* _EXTRACTED RECORDS_:

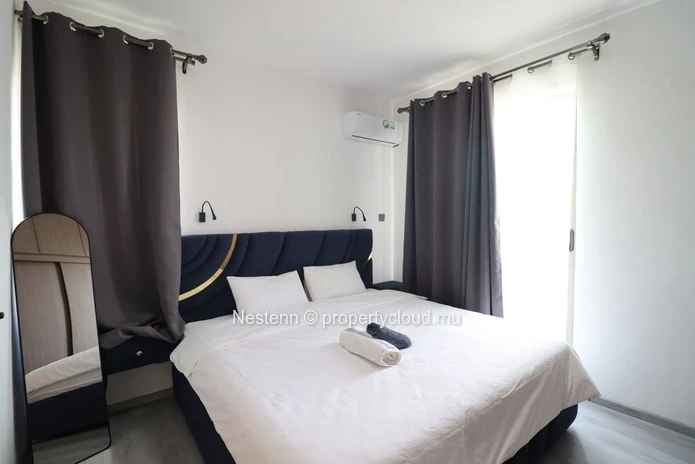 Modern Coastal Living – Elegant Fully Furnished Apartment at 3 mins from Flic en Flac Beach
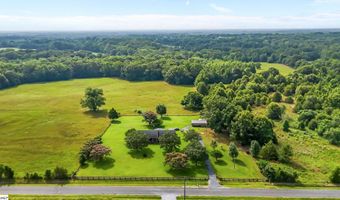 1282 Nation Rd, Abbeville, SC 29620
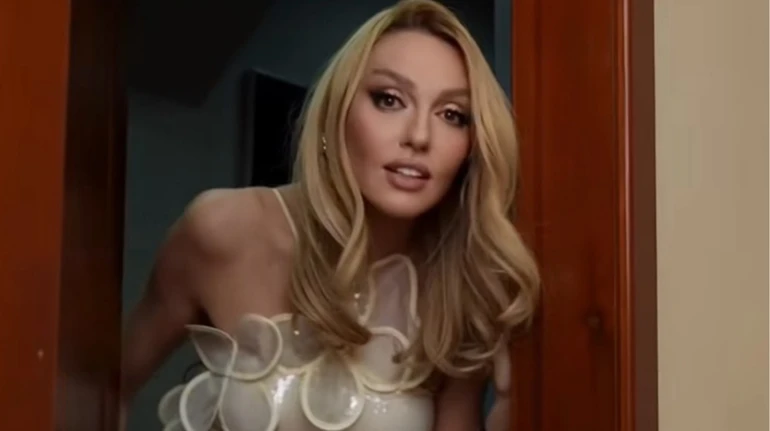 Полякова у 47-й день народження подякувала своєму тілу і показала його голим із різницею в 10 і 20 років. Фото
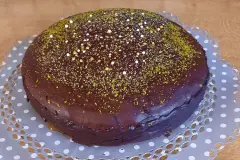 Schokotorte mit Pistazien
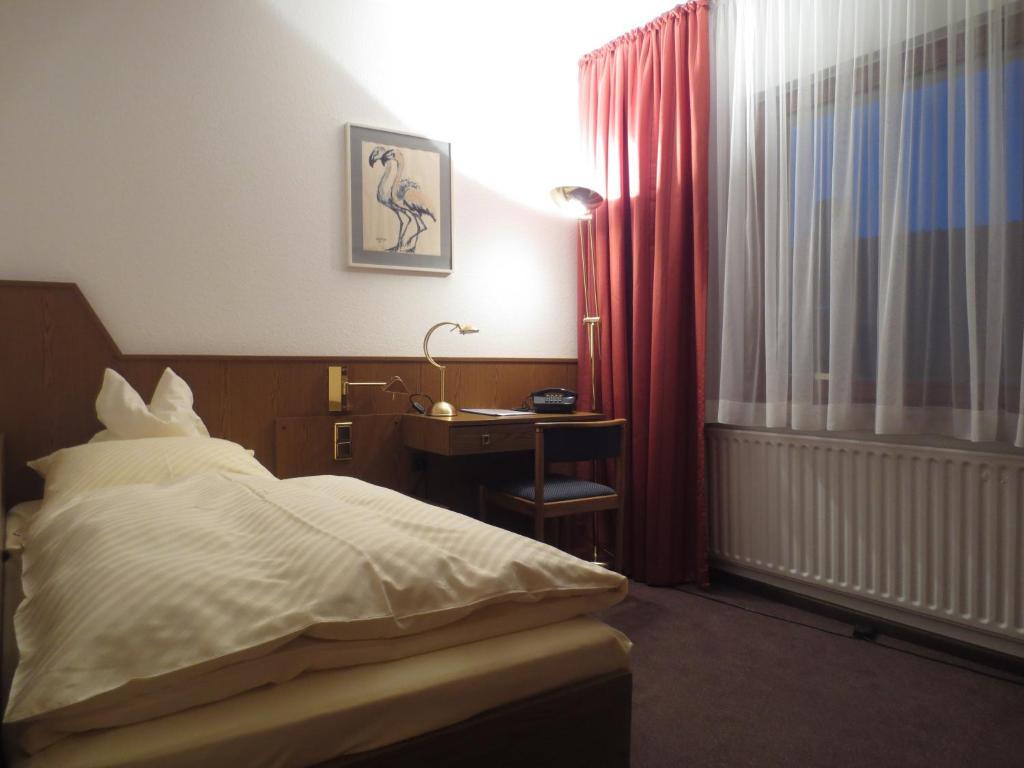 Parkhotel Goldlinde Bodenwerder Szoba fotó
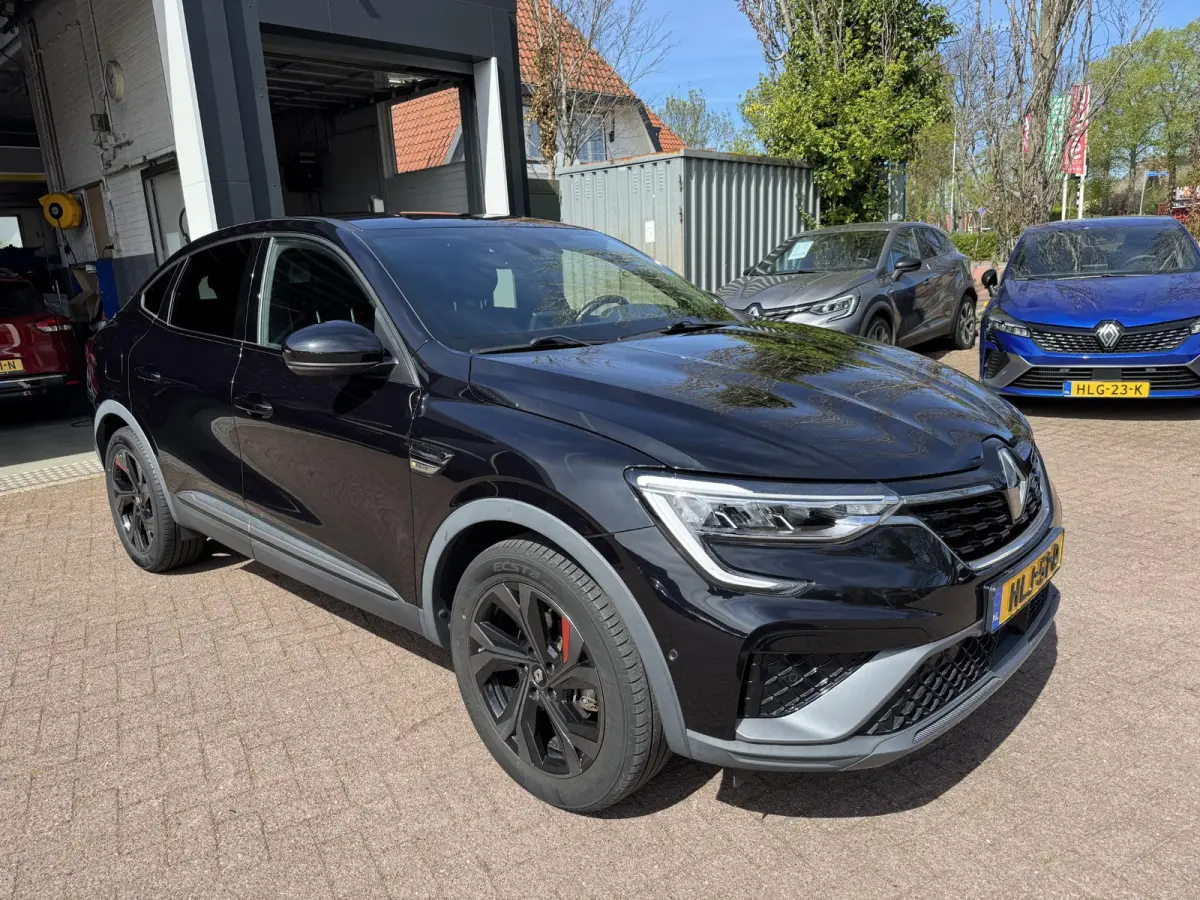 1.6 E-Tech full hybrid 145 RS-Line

* _TASK_:
Keep the pictures out of the copy and return the rest of the data above exactly.

* _ANSWER TO THE PROBLEM_:
 Modern Coastal Living – Elegant Fully Furnished Apartment at 3 mins from Flic en Flac Beach
 1282 Nation Rd, Abbeville, SC 29620
 Полякова у 47-й день народження подякувала своєму тілу і показала його голим із різницею в 10 і 20 років. Фото
 Schokotorte mit Pistazien
 Parkhotel Goldlinde Bodenwerder Szoba fotó
 1.6 E-Tech full hybrid 145 RS-Line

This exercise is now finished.